---------- Dataset excerpts ----------
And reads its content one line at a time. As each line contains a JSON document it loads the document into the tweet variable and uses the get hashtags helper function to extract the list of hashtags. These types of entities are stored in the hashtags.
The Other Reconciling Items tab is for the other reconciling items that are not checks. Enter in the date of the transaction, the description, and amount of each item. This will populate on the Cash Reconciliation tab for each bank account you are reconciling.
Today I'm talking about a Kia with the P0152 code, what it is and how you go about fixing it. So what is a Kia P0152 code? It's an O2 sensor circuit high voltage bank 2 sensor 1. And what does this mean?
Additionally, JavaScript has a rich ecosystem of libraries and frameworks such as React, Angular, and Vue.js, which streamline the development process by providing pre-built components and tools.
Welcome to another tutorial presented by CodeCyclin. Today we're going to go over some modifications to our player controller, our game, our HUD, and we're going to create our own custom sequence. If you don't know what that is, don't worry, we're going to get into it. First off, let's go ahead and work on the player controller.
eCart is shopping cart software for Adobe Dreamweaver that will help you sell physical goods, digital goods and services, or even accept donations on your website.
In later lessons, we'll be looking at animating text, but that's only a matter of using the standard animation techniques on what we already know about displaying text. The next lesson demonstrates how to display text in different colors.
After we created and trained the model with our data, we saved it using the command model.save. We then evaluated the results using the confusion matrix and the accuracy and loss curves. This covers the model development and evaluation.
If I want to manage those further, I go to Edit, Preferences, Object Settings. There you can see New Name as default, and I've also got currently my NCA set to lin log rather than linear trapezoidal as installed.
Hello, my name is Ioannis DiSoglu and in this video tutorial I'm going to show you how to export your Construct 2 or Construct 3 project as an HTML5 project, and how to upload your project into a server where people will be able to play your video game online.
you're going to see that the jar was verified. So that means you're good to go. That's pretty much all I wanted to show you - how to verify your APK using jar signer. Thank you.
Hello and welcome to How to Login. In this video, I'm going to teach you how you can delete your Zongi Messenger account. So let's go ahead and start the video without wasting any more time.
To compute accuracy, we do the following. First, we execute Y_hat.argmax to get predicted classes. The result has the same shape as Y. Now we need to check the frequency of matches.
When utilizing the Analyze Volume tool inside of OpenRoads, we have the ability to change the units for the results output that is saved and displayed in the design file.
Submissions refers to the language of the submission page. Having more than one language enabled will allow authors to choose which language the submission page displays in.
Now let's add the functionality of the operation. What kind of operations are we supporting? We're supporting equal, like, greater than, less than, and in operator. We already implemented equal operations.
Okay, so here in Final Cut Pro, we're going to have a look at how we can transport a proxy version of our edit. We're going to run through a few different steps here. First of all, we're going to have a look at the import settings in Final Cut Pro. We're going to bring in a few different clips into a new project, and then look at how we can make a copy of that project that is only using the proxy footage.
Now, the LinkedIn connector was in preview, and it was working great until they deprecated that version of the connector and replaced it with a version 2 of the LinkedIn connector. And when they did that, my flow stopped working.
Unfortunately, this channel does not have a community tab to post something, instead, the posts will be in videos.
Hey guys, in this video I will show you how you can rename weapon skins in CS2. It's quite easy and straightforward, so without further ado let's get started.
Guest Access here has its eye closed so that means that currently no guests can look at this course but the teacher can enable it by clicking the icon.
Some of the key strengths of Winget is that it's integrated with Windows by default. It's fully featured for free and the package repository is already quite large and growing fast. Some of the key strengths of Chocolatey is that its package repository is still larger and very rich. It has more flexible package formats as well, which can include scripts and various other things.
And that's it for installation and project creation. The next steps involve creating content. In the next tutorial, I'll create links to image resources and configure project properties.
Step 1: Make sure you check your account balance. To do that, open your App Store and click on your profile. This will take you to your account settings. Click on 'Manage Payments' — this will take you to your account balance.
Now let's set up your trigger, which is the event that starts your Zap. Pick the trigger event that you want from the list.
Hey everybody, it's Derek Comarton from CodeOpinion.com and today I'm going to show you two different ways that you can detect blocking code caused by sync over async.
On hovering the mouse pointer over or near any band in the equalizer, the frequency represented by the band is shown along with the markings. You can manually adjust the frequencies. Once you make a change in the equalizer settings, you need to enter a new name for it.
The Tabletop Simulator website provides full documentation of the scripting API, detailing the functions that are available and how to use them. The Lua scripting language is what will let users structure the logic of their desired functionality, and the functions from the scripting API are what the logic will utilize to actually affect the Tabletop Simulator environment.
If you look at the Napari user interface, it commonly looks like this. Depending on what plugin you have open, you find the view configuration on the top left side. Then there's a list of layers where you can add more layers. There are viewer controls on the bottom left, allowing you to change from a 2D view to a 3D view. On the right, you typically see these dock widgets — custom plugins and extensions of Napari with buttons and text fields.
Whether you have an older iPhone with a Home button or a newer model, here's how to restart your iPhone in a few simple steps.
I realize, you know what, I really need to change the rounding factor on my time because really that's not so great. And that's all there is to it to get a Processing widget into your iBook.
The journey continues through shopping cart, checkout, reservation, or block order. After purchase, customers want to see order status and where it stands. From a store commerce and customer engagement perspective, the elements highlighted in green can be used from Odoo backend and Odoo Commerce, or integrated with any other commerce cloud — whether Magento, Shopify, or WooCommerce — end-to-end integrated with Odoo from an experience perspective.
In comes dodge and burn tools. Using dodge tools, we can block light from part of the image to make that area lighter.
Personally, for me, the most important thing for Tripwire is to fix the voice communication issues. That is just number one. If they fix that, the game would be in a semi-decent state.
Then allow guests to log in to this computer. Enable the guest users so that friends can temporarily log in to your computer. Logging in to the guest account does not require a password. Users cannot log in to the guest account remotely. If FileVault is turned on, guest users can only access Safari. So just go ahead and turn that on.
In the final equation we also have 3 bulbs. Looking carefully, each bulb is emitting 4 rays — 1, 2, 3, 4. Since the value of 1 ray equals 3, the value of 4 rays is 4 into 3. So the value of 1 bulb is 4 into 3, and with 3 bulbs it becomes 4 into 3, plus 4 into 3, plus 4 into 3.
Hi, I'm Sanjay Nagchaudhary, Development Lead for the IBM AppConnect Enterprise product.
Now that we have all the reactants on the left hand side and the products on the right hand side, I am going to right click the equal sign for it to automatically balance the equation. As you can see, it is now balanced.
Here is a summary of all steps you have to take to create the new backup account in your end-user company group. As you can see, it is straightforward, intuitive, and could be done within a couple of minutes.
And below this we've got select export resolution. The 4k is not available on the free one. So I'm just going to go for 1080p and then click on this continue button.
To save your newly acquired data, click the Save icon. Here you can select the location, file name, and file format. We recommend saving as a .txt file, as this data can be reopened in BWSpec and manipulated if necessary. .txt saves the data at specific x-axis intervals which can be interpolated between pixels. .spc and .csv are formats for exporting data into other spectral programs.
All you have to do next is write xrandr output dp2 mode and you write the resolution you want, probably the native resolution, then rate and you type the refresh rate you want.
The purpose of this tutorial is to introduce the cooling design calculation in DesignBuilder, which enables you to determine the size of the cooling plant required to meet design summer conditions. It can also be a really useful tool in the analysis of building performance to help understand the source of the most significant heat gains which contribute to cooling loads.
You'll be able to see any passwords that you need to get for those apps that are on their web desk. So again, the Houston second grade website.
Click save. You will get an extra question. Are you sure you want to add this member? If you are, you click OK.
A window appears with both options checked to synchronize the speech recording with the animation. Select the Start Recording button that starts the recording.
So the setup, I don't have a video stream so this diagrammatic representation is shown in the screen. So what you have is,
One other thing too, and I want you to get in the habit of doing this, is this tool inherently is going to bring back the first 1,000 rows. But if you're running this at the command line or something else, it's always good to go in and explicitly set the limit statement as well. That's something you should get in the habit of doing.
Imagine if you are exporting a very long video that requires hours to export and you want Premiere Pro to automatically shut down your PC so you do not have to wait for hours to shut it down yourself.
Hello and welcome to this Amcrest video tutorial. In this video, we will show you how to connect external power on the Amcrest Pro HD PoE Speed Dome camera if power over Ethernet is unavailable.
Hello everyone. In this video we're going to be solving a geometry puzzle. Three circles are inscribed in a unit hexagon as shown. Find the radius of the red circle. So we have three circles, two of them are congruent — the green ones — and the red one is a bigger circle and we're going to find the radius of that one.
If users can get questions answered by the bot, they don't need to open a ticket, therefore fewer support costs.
----------
* Required work: In the data above, start at the line that has "Now let's add", stop after the line that has "Hey guys, in", and print every line in between exactly as it stands.

* Written response:
Now let's add the functionality of the operation. What kind of operations are we supporting? We're supporting equal, like, greater than, less than, and in operator. We already implemented equal operations.
Okay, so here in Final Cut Pro, we're going to have a look at how we can transport a proxy version of our edit. We're going to run through a few different steps here. First of all, we're going to have a look at the import settings in Final Cut Pro. We're going to bring in a few different clips into a new project, and then look at how we can make a copy of that project that is only using the proxy footage.
Now, the LinkedIn connector was in preview, and it was working great until they deprecated that version of the connector and replaced it with a version 2 of the LinkedIn connector. And when they did that, my flow stopped working.
Unfortunately, this channel does not have a community tab to post something, instead, the posts will be in videos.
Hey guys, in this video I will show you how you can rename weapon skins in CS2. It's quite easy and straightforward, so without further ado let's get started.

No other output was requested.